* GOAL OF THE EXERCISE
Only the lines from the one containing "New mother's down" through the one containing "A History of" should be printed, exactly as they appear below, with both ends included.

Crawled caption data
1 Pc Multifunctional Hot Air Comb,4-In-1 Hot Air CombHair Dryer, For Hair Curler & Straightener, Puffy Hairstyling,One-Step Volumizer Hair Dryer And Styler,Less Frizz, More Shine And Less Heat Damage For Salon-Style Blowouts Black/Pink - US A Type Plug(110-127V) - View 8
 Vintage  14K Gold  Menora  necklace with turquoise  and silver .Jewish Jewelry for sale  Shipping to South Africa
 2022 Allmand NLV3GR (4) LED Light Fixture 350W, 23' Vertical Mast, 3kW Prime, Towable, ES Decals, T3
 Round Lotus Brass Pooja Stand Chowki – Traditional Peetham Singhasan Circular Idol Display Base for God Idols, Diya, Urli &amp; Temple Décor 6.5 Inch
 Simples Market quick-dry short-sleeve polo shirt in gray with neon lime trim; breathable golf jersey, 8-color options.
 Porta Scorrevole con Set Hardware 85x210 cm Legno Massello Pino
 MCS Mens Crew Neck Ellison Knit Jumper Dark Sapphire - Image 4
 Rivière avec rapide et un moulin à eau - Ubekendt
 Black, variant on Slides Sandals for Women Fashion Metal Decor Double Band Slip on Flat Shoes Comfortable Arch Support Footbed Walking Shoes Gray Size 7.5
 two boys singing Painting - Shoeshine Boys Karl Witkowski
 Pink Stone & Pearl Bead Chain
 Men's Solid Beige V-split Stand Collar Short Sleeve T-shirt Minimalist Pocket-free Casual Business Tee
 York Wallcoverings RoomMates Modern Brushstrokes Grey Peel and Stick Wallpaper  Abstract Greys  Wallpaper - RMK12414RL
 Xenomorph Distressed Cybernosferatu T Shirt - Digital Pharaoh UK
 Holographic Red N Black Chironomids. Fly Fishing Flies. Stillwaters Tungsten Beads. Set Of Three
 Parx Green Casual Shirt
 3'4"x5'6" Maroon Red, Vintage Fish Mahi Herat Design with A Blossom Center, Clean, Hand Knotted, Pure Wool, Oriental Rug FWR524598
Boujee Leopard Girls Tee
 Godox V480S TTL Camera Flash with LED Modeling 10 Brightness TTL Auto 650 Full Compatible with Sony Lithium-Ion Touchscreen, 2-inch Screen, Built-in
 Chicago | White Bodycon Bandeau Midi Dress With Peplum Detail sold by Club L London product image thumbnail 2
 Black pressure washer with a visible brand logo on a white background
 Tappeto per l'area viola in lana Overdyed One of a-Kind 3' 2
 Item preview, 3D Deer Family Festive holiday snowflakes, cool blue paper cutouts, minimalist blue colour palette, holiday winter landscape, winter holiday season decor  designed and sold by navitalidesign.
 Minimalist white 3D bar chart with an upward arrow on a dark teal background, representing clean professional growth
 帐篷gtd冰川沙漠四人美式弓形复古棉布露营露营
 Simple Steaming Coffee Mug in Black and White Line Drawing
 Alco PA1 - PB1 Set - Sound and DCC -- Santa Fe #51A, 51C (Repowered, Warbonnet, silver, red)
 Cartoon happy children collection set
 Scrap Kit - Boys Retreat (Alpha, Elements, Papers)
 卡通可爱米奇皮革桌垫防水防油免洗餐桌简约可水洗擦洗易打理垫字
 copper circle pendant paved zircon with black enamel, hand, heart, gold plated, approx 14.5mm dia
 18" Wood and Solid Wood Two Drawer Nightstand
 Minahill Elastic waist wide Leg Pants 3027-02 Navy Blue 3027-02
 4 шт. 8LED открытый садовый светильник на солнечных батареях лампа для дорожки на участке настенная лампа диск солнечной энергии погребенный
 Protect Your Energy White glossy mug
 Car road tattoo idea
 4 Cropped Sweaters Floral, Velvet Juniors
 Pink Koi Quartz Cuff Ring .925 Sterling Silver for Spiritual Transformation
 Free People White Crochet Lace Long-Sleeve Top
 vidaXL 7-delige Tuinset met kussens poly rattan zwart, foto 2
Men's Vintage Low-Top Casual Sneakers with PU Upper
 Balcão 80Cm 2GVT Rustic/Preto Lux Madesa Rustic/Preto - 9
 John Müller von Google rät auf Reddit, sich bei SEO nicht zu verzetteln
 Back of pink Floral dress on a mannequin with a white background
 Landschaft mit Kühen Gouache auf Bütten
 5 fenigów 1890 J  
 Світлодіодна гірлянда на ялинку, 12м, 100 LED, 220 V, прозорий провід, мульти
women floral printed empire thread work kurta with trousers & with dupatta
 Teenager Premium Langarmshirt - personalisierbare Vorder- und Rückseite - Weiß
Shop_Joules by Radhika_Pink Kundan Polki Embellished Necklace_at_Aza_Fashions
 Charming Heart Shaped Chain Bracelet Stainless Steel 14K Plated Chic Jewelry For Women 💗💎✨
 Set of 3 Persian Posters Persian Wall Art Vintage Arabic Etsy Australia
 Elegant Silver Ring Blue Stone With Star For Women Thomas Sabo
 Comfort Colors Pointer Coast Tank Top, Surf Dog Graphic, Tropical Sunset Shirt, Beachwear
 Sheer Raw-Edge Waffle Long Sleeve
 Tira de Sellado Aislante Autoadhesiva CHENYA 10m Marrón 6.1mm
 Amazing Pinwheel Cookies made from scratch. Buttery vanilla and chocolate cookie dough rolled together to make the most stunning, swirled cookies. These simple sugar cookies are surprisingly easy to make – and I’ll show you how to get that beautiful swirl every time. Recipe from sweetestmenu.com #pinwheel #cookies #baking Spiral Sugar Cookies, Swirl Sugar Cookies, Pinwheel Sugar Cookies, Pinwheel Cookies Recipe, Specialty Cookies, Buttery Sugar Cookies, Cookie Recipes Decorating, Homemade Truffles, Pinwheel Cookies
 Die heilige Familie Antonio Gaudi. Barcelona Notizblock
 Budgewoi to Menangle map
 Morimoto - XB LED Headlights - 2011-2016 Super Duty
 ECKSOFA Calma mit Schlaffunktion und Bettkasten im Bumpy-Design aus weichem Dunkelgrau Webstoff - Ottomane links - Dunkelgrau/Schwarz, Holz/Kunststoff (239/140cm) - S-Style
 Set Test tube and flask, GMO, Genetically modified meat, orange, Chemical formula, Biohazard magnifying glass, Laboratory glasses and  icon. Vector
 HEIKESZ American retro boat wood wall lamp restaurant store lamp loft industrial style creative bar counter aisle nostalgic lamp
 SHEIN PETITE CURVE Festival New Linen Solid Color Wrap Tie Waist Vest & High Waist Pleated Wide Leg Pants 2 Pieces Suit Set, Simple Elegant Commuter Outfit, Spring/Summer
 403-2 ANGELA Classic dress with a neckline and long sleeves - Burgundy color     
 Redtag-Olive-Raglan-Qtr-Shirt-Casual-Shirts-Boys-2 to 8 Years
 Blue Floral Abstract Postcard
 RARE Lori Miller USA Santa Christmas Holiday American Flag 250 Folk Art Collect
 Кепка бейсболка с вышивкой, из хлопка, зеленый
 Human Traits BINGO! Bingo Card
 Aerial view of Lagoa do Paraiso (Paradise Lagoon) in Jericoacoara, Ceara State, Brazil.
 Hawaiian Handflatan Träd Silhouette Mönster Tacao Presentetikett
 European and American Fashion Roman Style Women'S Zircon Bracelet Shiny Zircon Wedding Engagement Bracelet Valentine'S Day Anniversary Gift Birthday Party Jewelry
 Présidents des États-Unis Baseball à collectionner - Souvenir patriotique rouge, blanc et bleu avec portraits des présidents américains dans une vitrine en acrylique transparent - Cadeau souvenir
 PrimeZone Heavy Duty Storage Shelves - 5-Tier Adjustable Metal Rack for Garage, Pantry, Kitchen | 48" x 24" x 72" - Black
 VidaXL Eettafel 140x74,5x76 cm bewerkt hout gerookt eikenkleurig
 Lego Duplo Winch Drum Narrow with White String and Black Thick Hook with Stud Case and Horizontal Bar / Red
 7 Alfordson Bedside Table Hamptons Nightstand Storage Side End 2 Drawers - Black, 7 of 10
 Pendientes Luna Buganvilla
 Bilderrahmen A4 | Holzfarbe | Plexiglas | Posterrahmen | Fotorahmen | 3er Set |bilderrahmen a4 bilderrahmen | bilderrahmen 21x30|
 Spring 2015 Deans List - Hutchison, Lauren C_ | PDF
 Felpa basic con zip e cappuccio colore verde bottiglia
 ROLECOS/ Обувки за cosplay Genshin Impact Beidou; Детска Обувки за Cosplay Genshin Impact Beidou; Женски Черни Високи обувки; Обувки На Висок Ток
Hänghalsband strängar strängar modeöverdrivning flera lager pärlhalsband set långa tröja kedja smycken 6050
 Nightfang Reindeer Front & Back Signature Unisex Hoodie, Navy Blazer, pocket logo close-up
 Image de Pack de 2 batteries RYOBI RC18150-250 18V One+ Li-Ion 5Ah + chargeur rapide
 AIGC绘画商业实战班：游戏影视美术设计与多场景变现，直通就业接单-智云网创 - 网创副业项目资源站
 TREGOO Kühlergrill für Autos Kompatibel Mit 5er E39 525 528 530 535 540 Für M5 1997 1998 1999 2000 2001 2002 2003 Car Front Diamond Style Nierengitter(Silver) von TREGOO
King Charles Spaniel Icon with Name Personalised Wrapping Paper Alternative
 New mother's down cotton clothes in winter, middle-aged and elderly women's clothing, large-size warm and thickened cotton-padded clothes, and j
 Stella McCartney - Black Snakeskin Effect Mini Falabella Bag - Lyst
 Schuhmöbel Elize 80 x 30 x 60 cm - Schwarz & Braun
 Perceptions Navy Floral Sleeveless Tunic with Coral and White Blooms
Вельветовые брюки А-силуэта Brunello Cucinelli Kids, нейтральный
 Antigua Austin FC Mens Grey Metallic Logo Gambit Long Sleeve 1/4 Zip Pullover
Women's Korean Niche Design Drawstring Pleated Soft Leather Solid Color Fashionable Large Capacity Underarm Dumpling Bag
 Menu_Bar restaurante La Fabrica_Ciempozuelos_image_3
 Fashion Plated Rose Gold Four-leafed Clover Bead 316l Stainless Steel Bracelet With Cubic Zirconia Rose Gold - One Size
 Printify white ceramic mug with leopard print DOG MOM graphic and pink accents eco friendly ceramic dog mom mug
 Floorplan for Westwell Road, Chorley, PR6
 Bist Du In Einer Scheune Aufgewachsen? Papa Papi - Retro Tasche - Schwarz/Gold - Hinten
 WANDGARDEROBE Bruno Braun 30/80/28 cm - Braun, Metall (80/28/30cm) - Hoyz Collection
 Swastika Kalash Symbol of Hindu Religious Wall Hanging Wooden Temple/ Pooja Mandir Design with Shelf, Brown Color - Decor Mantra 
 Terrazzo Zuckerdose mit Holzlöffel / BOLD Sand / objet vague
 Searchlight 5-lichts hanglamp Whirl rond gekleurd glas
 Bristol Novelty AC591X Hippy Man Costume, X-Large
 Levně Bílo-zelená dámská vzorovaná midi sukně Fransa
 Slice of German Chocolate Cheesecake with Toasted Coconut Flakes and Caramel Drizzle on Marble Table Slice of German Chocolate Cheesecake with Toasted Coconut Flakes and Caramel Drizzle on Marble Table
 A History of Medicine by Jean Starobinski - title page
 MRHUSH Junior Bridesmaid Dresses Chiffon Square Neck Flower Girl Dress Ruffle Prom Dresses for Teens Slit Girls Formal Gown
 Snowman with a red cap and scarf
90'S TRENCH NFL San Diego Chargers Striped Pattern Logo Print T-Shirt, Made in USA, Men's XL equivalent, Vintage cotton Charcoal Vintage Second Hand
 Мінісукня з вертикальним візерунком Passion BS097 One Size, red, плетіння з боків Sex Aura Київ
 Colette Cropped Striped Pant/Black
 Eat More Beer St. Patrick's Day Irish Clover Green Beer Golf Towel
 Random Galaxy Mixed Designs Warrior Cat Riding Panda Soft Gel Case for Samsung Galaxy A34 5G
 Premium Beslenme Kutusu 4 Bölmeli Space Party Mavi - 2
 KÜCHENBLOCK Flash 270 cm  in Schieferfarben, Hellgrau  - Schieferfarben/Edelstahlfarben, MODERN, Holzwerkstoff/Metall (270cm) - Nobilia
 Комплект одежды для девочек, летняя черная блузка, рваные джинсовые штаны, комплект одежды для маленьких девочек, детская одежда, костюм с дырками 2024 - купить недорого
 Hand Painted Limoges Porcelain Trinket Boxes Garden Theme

* PROBLEM SOLUTION
 New mother's down cotton clothes in winter, middle-aged and elderly women's clothing, large-size warm and thickened cotton-padded clothes, and j
 Stella McCartney - Black Snakeskin Effect Mini Falabella Bag - Lyst
 Schuhmöbel Elize 80 x 30 x 60 cm - Schwarz & Braun
 Perceptions Navy Floral Sleeveless Tunic with Coral and White Blooms
Вельветовые брюки А-силуэта Brunello Cucinelli Kids, нейтральный
 Antigua Austin FC Mens Grey Metallic Logo Gambit Long Sleeve 1/4 Zip Pullover
Women's Korean Niche Design Drawstring Pleated Soft Leather Solid Color Fashionable Large Capacity Underarm Dumpling Bag
 Menu_Bar restaurante La Fabrica_Ciempozuelos_image_3
 Fashion Plated Rose Gold Four-leafed Clover Bead 316l Stainless Steel Bracelet With Cubic Zirconia Rose Gold - One Size
 Printify white ceramic mug with leopard print DOG MOM graphic and pink accents eco friendly ceramic dog mom mug
 Floorplan for Westwell Road, Chorley, PR6
 Bist Du In Einer Scheune Aufgewachsen? Papa Papi - Retro Tasche - Schwarz/Gold - Hinten
 WANDGARDEROBE Bruno Braun 30/80/28 cm - Braun, Metall (80/28/30cm) - Hoyz Collection
 Swastika Kalash Symbol of Hindu Religious Wall Hanging Wooden Temple/ Pooja Mandir Design with Shelf, Brown Color - Decor Mantra 
 Terrazzo Zuckerdose mit Holzlöffel / BOLD Sand / objet vague
 Searchlight 5-lichts hanglamp Whirl rond gekleurd glas
 Bristol Novelty AC591X Hippy Man Costume, X-Large
 Levně Bílo-zelená dámská vzorovaná midi sukně Fransa
 Slice of German Chocolate Cheesecake with Toasted Coconut Flakes and Caramel Drizzle on Marble Table Slice of German Chocolate Cheesecake with Toasted Coconut Flakes and Caramel Drizzle on Marble Table
 A History of Medicine by Jean Starobinski - title page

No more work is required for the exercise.